▸ **Action item**: Return the listing below verbatim. Pictures do not belong in the copy.

▸ **Input data**:
-- -- --

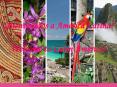 Photo source: http://www.destinationbride.com/files/latin-america.jpg PowerPoint PPT Presentation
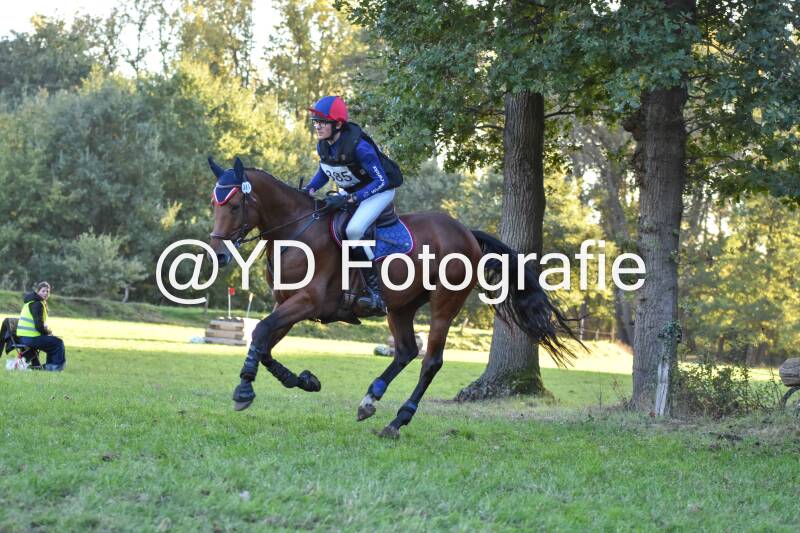 eventing-merksplas-9903-standard.jpg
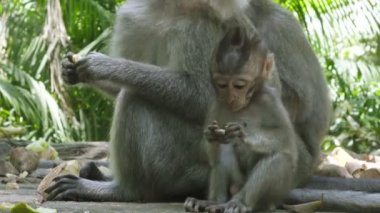Uzun kuyruklu makak da bilinen Yengeç yiyen makak, Macaca fascicularis,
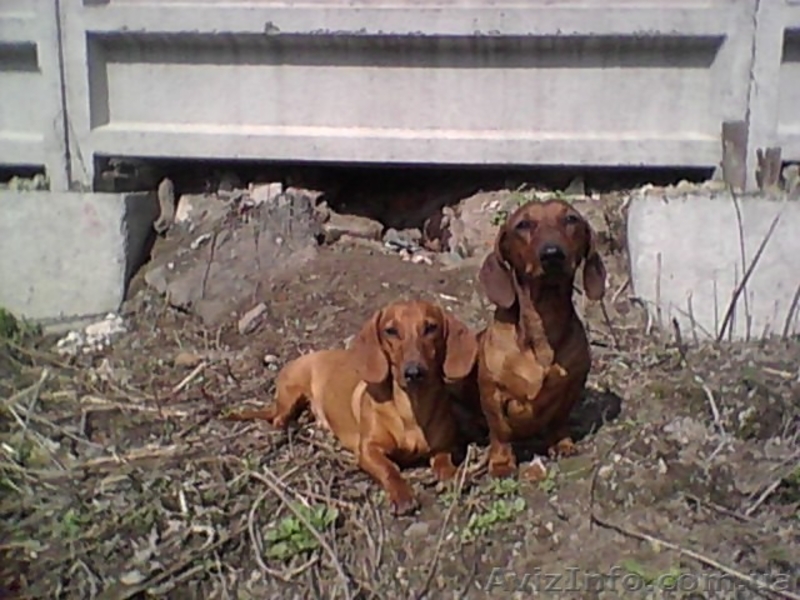 Щенок таксы рыжей гладкошерстной - <ro>Изображение</ro><ru>Изображение</ru> #2, <ru>Объявление</ru> #54432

-- -- --

▸ **The answer**:
 Photo source: http://www.destinationbride.com/files/latin-america.jpg PowerPoint PPT Presentation
 eventing-merksplas-9903-standard.jpg
Uzun kuyruklu makak da bilinen Yengeç yiyen makak, Macaca fascicularis,
 Щенок таксы рыжей гладкошерстной - <ro>Изображение</ro><ru>Изображение</ru> #2, <ru>Объявление</ru> #54432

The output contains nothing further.